As the PLO got spoiled in Beirut, it turned from an ascetic, authentic, and even courageous young guerrilla organization living primarily in the hardscrabble hills of south Lebanon and trying to lead an armed struggle against Israel, into a rich, overweight, corrupt quasi army and state, complete with bagpipe bands, silver Mercedes limousines, and brigades of deskbound revolutionaries whose paunches were as puffed out as their rhetoric. Instead of continuing to confront Israel in the only effective way possible—through painstaking, grassroots guerrilla warfare—the PLO drifted to two extremes which sapped its strength.

On the one hand, the more the Palestinians became part of the Lebanese game and display culture, where men loved to strut around in uniforms, the more they tried to develop into a conventional Arab army. They acquired old Soviet-made T-34 tanks and organized into brigades with officers and ranks and chauffeurs. Every other PLO official you met gave his rank as captain or colonel. The PLO’s Korean War–vintage tanks and its army of colonels were great for posing in the Lebanese theater, and maybe even useful in a war with other Lebanese militias, but they proved useless in a conventional battle with the ultra-modern Israeli army.

On the other hand, some PLO factions went to the opposite extreme, eschewing any form of conventional warfare and concentrating instead on spectacular headline-grabbing terrorist attacks or airline hijackings inside and outside Israel, augmented by occasional guerrilla shelling of the Galilee. This terrorism was another form of theater. It was a means of winning attention in the television age, but it was no means for winning a war. There is no question that these spectacular operations put the Palestinian cause on the news agendas of Israel and the world at a time when the world would have been more than happy to go on ignoring the Palestinian issue. In this sense, I believe that terrorism, while morally repugnant, was functionally relevant for the PLO at its takeoff stage. The problem was that these spectacular terrorist operations became an end in themselves, instead of just a necessary phase or instrument in a larger struggle to achieve a political solution.

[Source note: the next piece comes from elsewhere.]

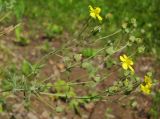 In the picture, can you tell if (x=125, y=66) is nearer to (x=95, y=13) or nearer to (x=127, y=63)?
(x=127, y=63)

This media terrorism actually ended up hurting the PLO more than helping it, because the PLO leadership fell in love with their own press clippings. Headlines became a narcotic substitute for truly meaningful grassroots political or military actions and gave the PLO leaders a much exaggerated sense of their own strength. They mistook news reports for real power and theatrical gestures like hijackings for a real war with Israel. This helped them delude themselves into thinking that history was on their side, that they were getting stronger, and that this was no time for making concessions to Israel.

The cynicism and the theater of Beirut came together for me one afternoon in 1979, a day after someone tried to blow up Christian leader Camille Chamoun with a car bomb. The explosion was a split second late and missed him. The next day I went to Chamoun’s apartment in East Beirut to interview him. I found his living room filled with get-well bouquets, many of which were affixed with the personal business cards of those who had sent them. As I waited for Chamoun to receive me, I discovered in a corner a huge floral wreath upon which was a white business card with the printed name: “Yasir Arafat.” Arafat had sent Chamoun get-well flowers. These two men had sent so many young men to die in defense of their own personal power and status, and now they were sending bouquets. That was Beirut. Beirut was a theater and Arafat thought he could star in it forever.

Then one day an outsider stormed in, without even buying a ticket. He was a big man, a fat man, and he did not understand the logic of the play.